[Data for processing — start]
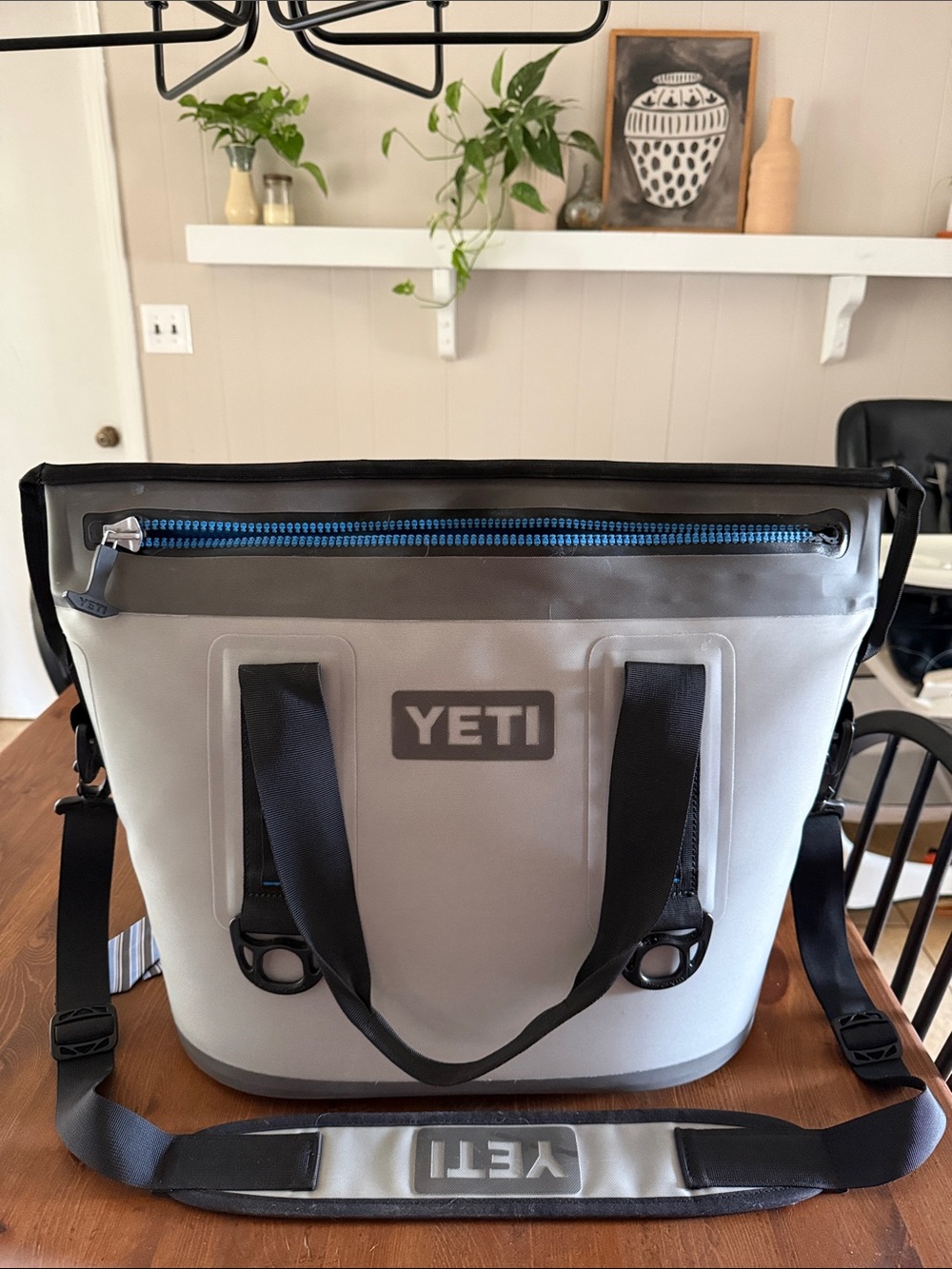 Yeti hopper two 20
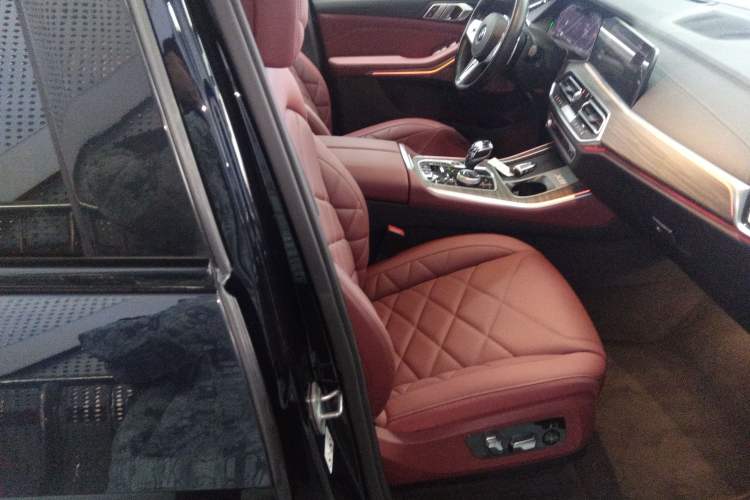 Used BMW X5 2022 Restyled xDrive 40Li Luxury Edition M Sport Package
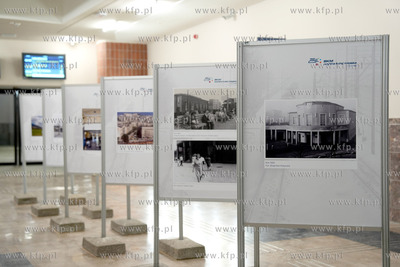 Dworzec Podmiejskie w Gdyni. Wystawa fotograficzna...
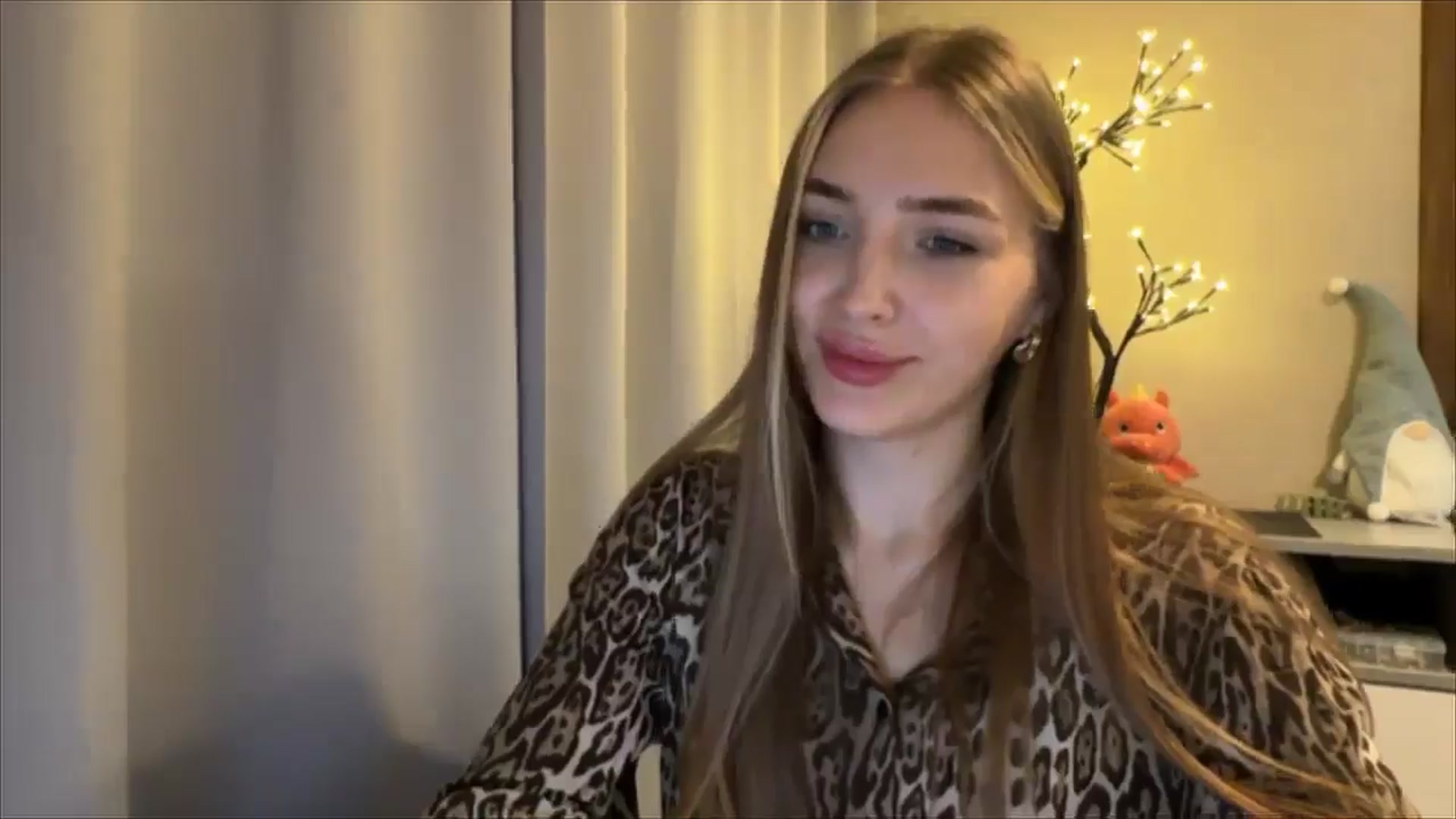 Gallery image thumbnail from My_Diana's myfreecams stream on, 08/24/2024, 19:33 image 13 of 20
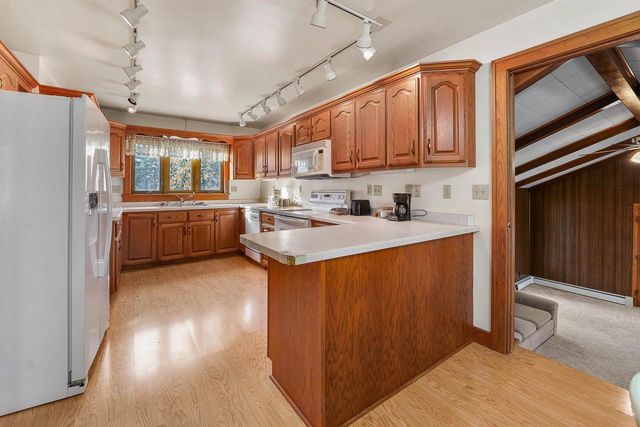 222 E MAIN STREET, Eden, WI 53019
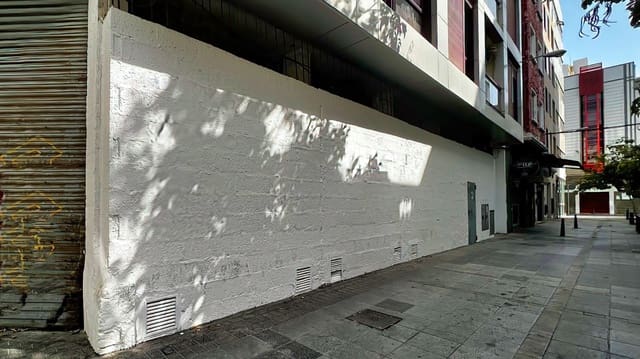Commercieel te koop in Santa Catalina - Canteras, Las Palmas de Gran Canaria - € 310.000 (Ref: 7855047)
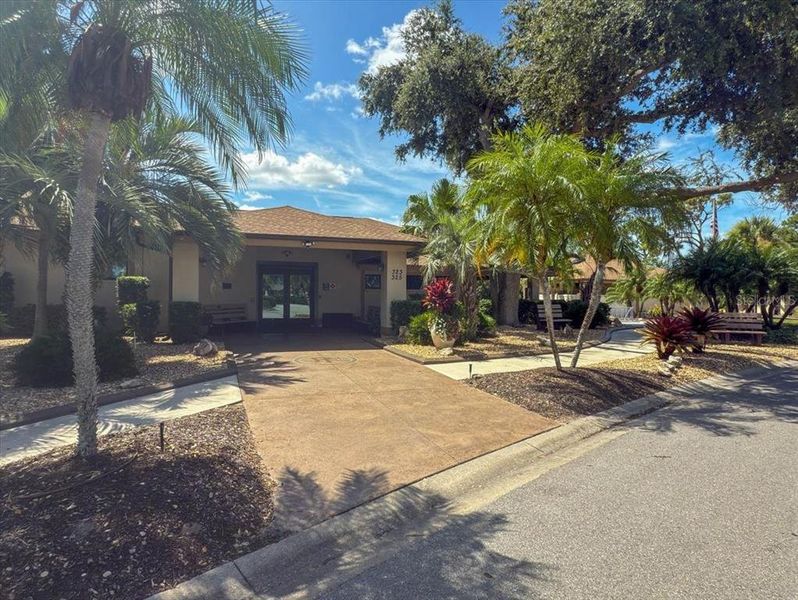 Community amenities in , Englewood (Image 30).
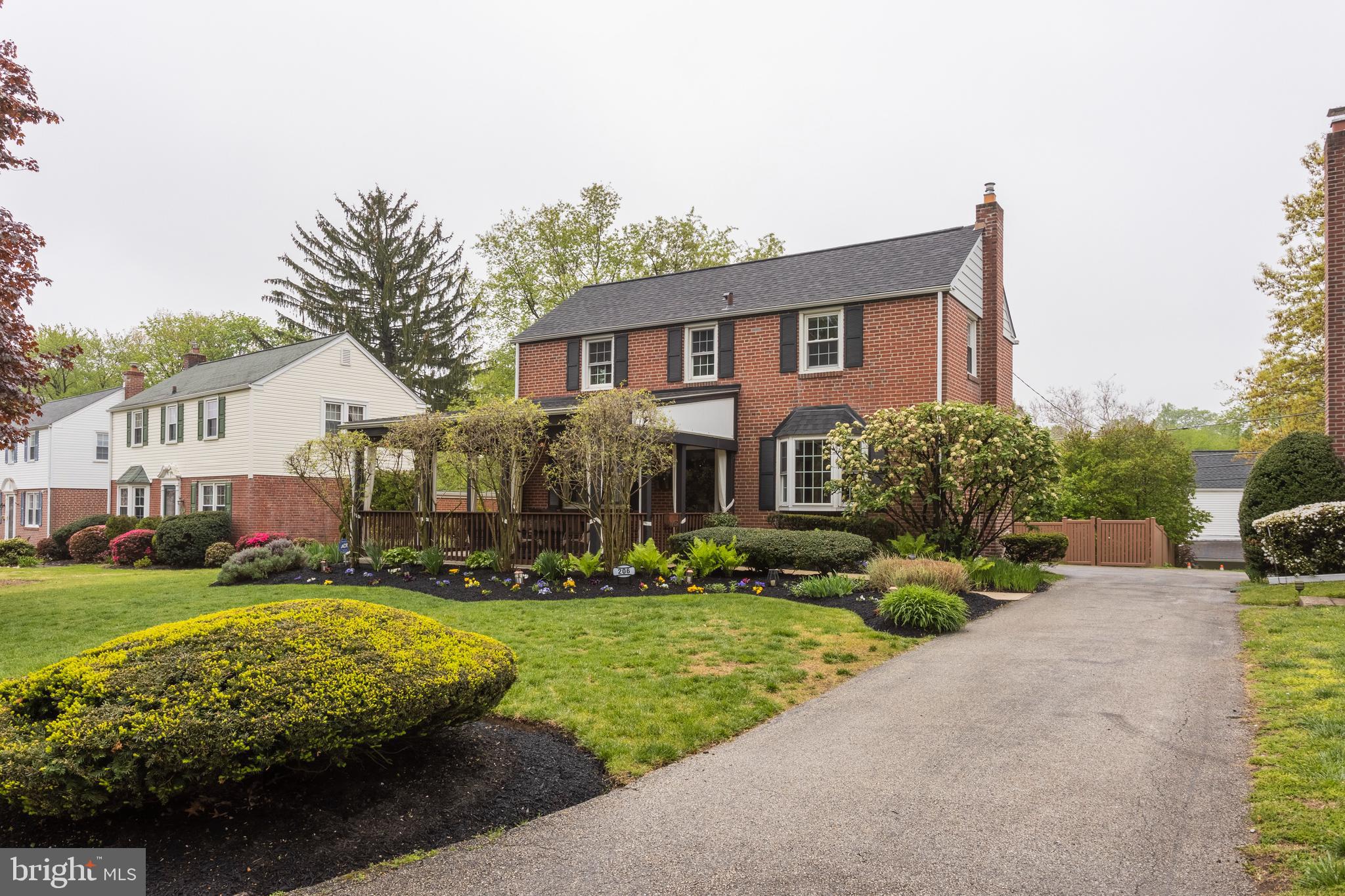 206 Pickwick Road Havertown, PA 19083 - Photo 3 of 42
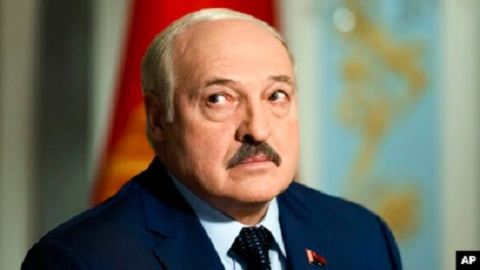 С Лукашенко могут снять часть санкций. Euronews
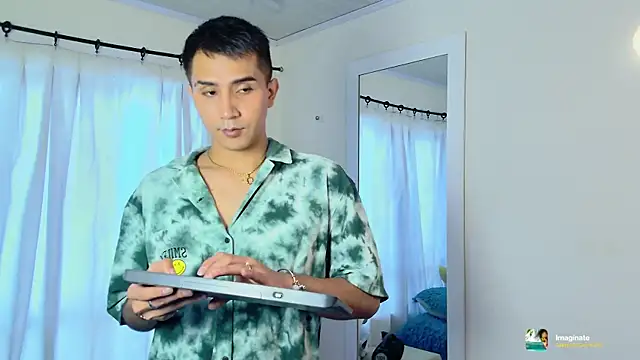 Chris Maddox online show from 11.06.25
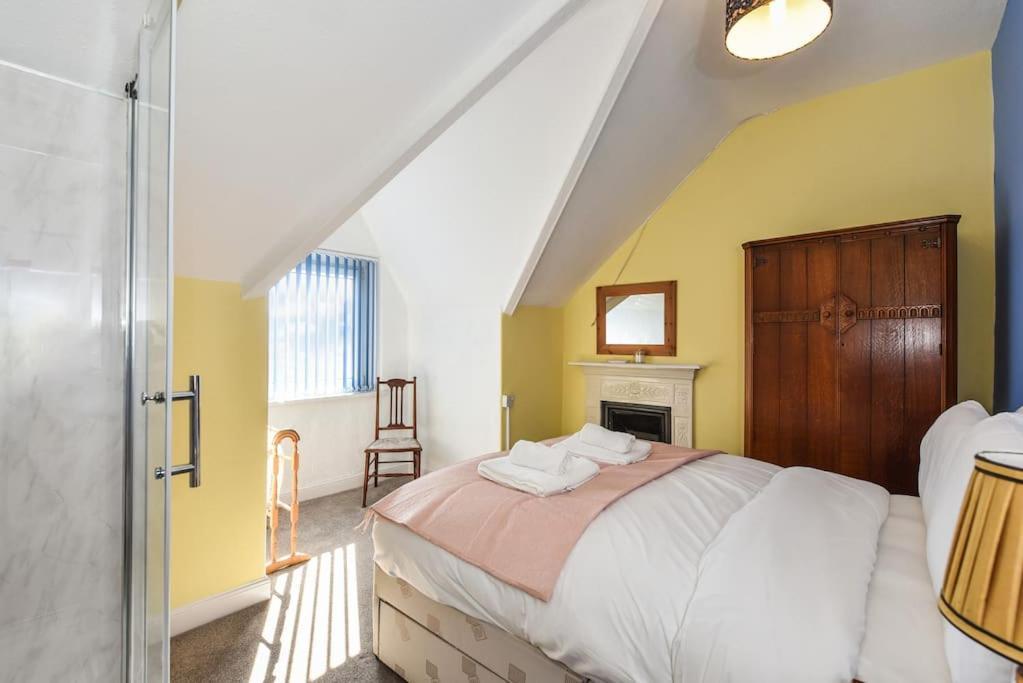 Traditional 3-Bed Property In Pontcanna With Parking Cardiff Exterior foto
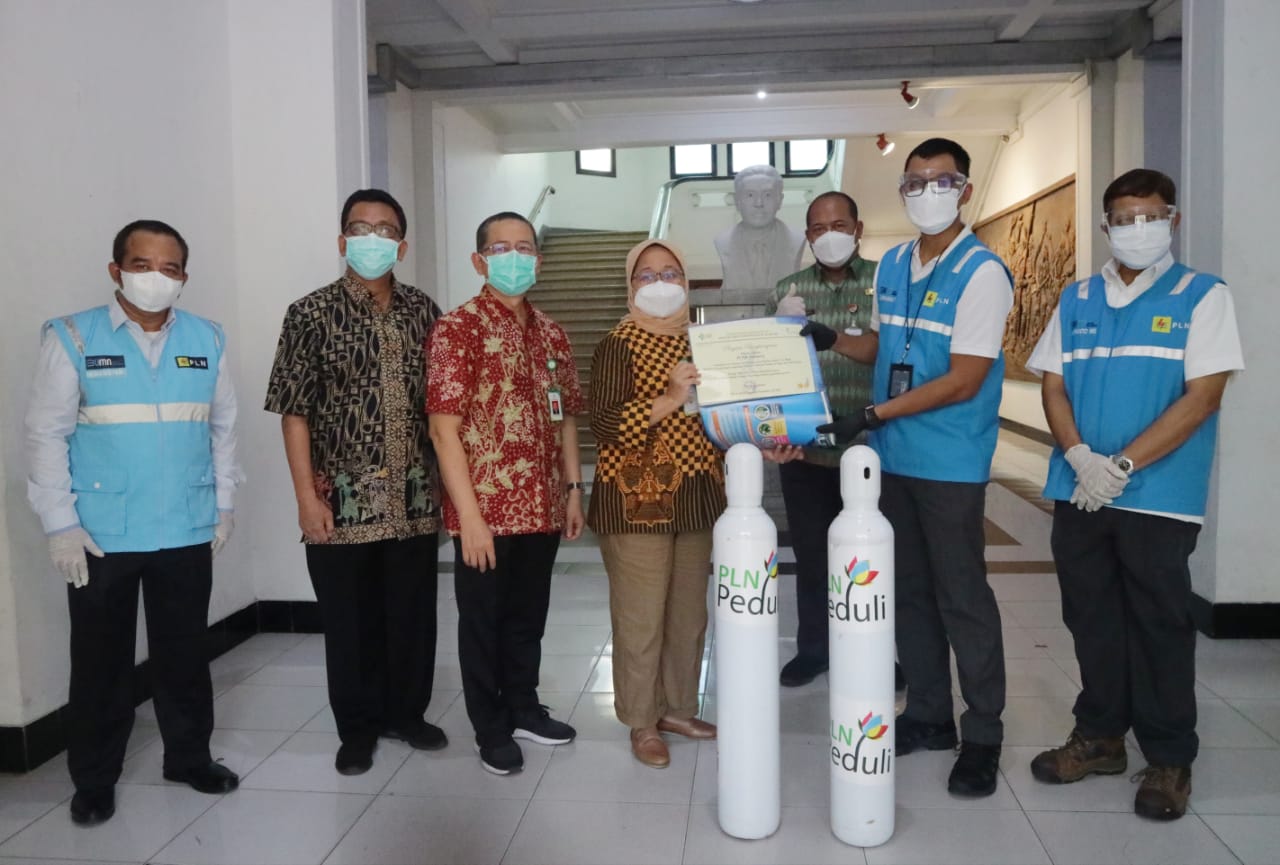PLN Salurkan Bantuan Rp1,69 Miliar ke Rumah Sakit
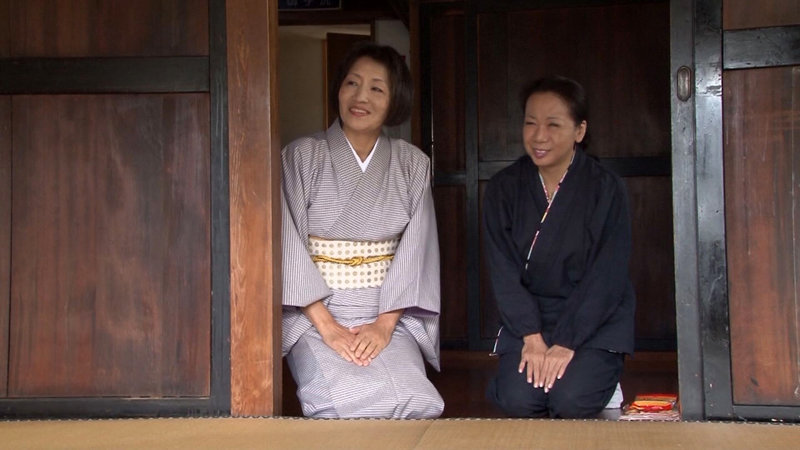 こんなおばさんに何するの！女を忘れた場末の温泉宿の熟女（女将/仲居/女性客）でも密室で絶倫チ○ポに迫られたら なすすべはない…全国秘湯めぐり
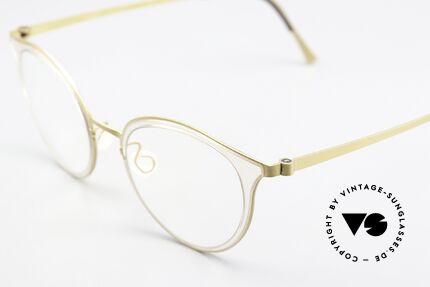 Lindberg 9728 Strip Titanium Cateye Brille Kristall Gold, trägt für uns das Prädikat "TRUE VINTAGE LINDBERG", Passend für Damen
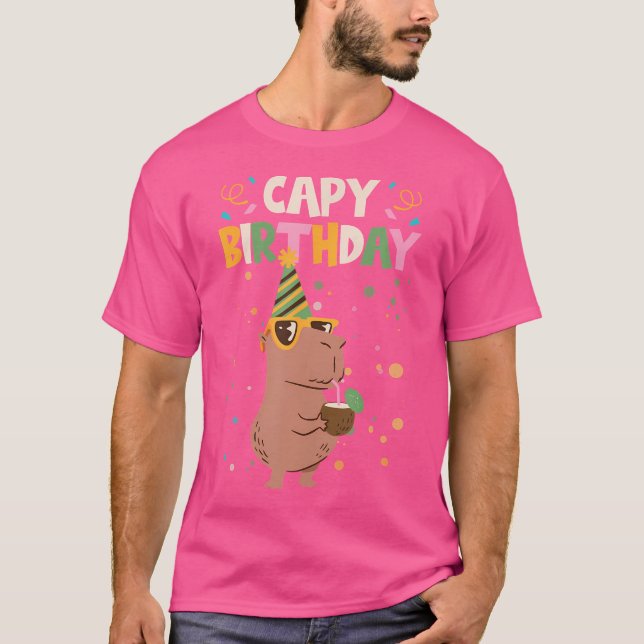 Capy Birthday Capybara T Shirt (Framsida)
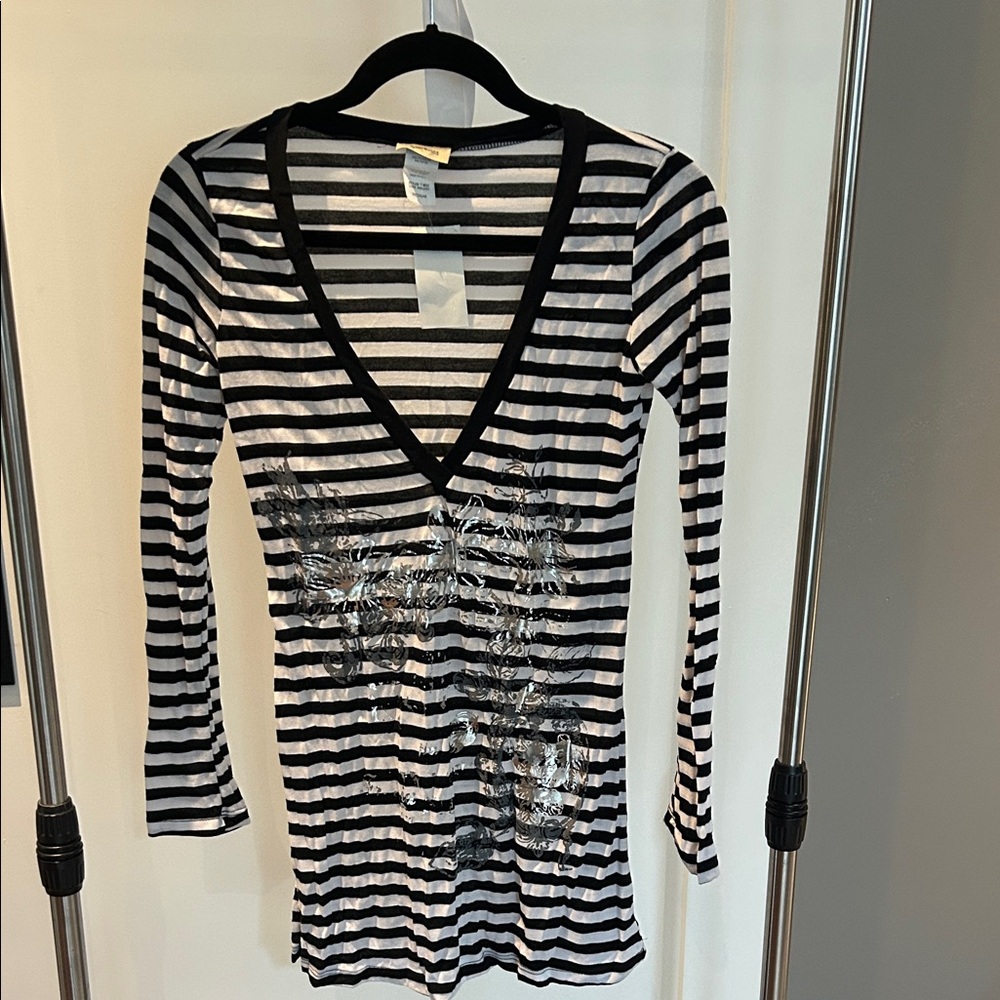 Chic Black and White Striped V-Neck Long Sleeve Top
[Data for processing — finish]
* **Task**:
Pictures are to be left out; otherwise, retype exactly the lines from the first line of the data through the line containing "С Лукашенко могут".

* **Answer area**:
 Yeti hopper two 20
 Used BMW X5 2022 Restyled xDrive 40Li Luxury Edition M Sport Package
 Dworzec Podmiejskie w Gdyni. Wystawa fotograficzna...
 Gallery image thumbnail from My_Diana's myfreecams stream on, 08/24/2024, 19:33 image 13 of 20
 222 E MAIN STREET, Eden, WI 53019
Commercieel te koop in Santa Catalina - Canteras, Las Palmas de Gran Canaria - € 310.000 (Ref: 7855047)
 Community amenities in , Englewood (Image 30).
 206 Pickwick Road Havertown, PA 19083 - Photo 3 of 42
 С Лукашенко могут снять часть санкций. Euronews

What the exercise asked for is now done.